Restricted expressivity and assets
The actual drawback right here is that present Web3 ecosystems can’t assist one thing like this on-chain threat evaluation resolution. They’re restricted by the form of libraries and frameworks which are out there in digital machines just like the Ethereum Digital Machine. They’re additionally restricted by way of the assets at their disposal.
So as to develop one thing like this threat evaluation and administration resolution, a decentralized app would want to rely on coding libraries which have capabilities for not less than primary mathematical ideas like logarithms and others.
This isn’t the case in Web3 as a result of dApps don’t have entry to NumPy, the maths module in Python, for instance. The standard toolbox isn’t there and builders need to reinvent the wheel as a substitute.
Then we have now one other drawback. Even when that they had these libraries, they’d be too costly to code. Actually costly. The Ethereum Digital Machine is designed in order that there’s a value for each computation.
Whereas there are legitimate causes for this, similar to stopping infinite loops and such, it additionally creates a useful resource limitation for dApps which may have to scale computationally with out incurring unreasonable prices. One might simply see how a threat administration resolution would price extra to run than what it’s capable of save in funds.

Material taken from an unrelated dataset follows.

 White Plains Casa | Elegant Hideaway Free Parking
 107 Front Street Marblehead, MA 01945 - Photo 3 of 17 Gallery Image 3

Specializing in the suitable issues
At a localized degree, the unfold of the Curve Finance deadlock might’ve been prevented with on-chain threat administration. At a common degree, this entire class of assaults may very well be prevented with extra expressivity and assets in Web3.
These are two facets of blockchain scalability which have lengthy been missed as a result of they transcend affording extra shared block house for dApps. They really contain the creation of improvement environments in Web3 that emulate these of Web2. They’re about computational scalability and programmability, not simply scaling the quantity of knowledge that’s out there on-chain.
Maybe if protocol builders at Curve, Aave or Frax had the power to rely on a greater toolbox and extra assets, these and future exploits may very well be prevented altogether. Perhaps we might begin with on-chain threat administration.